We can train the model and take a look at it’s output.

import torch
import torch.nn as nn
from torch.nn import functional as F

# hyperparameters
batch_size = 16 # how many independent sequences will we process in parallel?
block_size = 64 # what is the maximum context length for predictions?
max_iters = 10000
eval_interval = 100
learning_rate = 1e-3
device = 'cuda' if torch.cuda.is_available() else 'cpu'
eval_iters = 200
n_embd = 64
n_head = 4
n_layer = 4
dropout = 0.0
# ------------

torch.manual_seed(1337)

with open('WOLFGANG_TRAINING.tex', 'r', encoding='utf-8') as f:
    text = f.read()

# here are all the unique characters that occur in this text
chars = sorted(list(set(text)))
vocab_size = len(chars)
# create a mapping from characters to integers
stoi = { ch:i for i,ch in enumerate(chars) }
itos = { i:ch for i,ch in enumerate(chars) }
encode = lambda s: [stoi[c] for c in s] # encoder: take a string, output a list of integers
decode = lambda l: ''.join([itos[i] for i in l]) # decoder: take a list of integers, output a string

# Train and test splits
data = torch.tensor(encode(text), dtype=torch.long)
n = int(0.9*len(data)) # first 90% will be train, rest val
train_data = data[:n]
val_data = data[n:]

# data loading
def get_batch(split):
    # generate a small batch of data of inputs x and targets y
    data = train_data if split == 'train' else val_data
    ix = torch.randint(len(data) - block_size, (batch_size,))
    x = torch.stack([data[i:i+block_size] for i in ix])
    y = torch.stack([data[i+1:i+block_size+1] for i in ix])
    x, y = x.to(device), y.to(device)
    return x, y

@torch.no_grad()
def estimate_loss():
    out = {}
    model.eval()
    for split in ['train', 'val']:
        losses = torch.zeros(eval_iters)
        for k in range(eval_iters):
            X, Y = get_batch(split)
            logits, loss = model(X, Y)
            losses[k] = loss.item()
        out[split] = losses.mean()
    model.train()
    return out

class Head(nn.Module):
    """ one head of self-attention """

    def __init__(self, head_size):
        super().__init__()
        self.key = nn.Linear(n_embd, head_size, bias=False)
        self.query = nn.Linear(n_embd, head_size, bias=False)
        self.value = nn.Linear(n_embd, head_size, bias=False)
        self.register_buffer('tril', torch.tril(torch.ones(block_size, block_size)))

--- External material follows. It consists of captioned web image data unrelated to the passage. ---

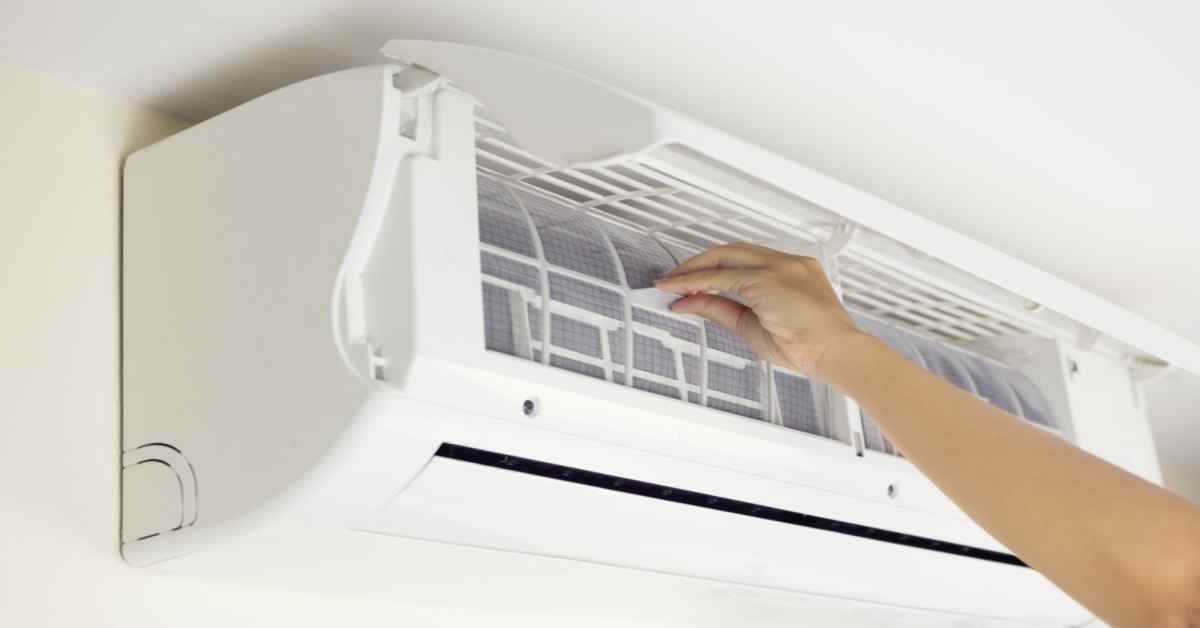 daikin split ac service at home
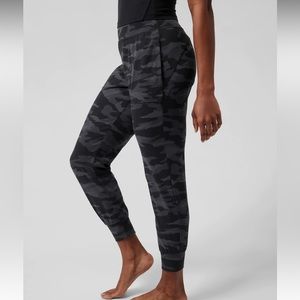 NWOT Athleta Salutation Joggers Camo Small Tall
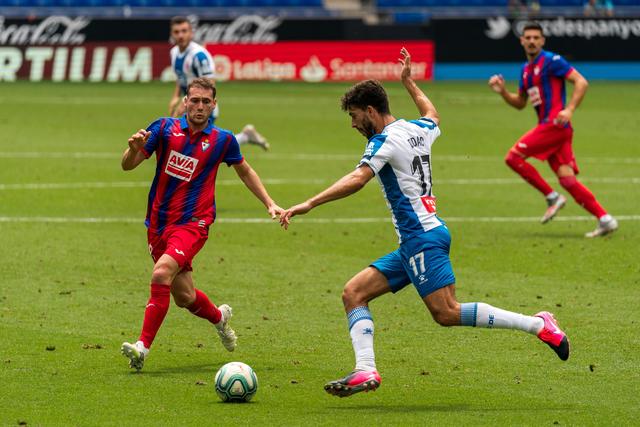 枣庄市首届职工足球赛热烈开启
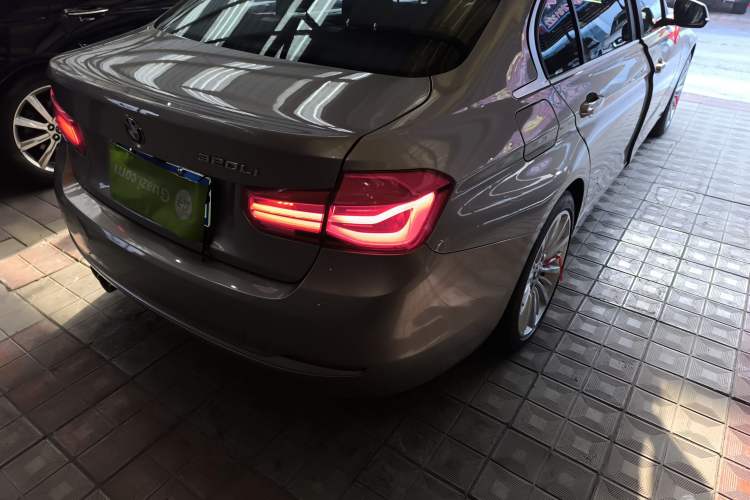 Used BMW 3 Series 2018 320Li Fashion Model Right Rear Taillight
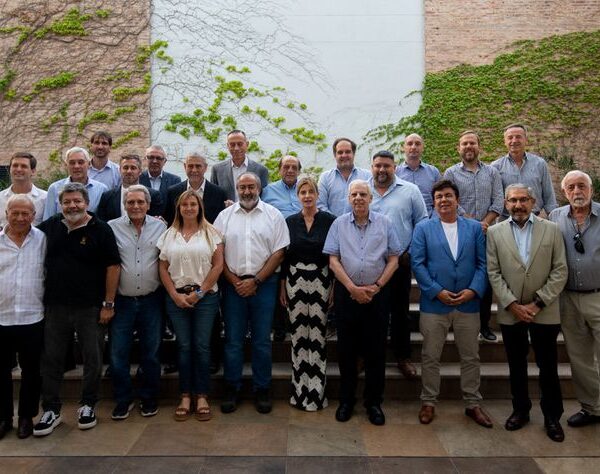 La CGT y los intendentes del PJ bonaerense buscaron cerrar filas para ordenar la interna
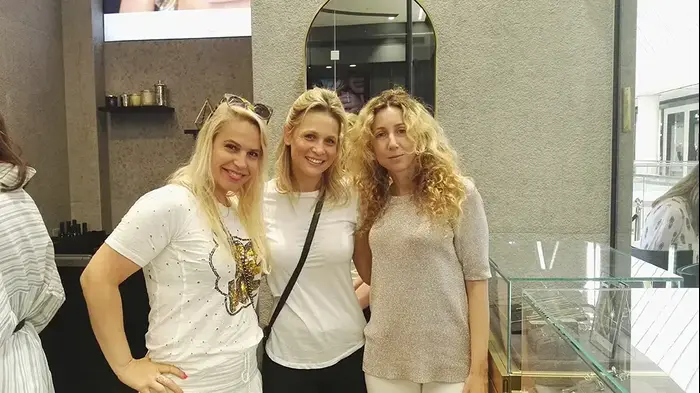 בת אל גינדי, שגית, קרן בראז (יח"צ , רונית מטיאס) בת אל גינדי, שגית, קרן בראז (יח"צ , רונית מטיאס)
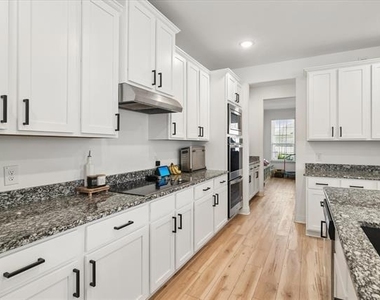 10032 Travis Drive - Photo Thumbnail 9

        self.dropout = nn.Dropout(dropout)

    def forward(self, x):
        B,T,C = x.shape
        k = self.key(x)   # (B,T,C)
        q = self.query(x) # (B,T,C)
        # compute attention scores ("affinities")
        wei = q @ k.transpose(-2,-1) * C**-0.5 # (B, T, C) @ (B, C, T) -> (B, T, T)
        wei = wei.masked_fill(self.tril[:T, :T] == 0, float('-inf')) # (B, T, T)
        wei = F.softmax(wei, dim=-1) # (B, T, T)
        wei = self.dropout(wei)
        # perform the weighted aggregation of the values
        v = self.value(x) # (B,T,C)
        out = wei @ v # (B, T, T) @ (B, T, C) -> (B, T, C)
        return out

class MultiHeadAttention(nn.Module):
    """ multiple heads of self-attention in parallel """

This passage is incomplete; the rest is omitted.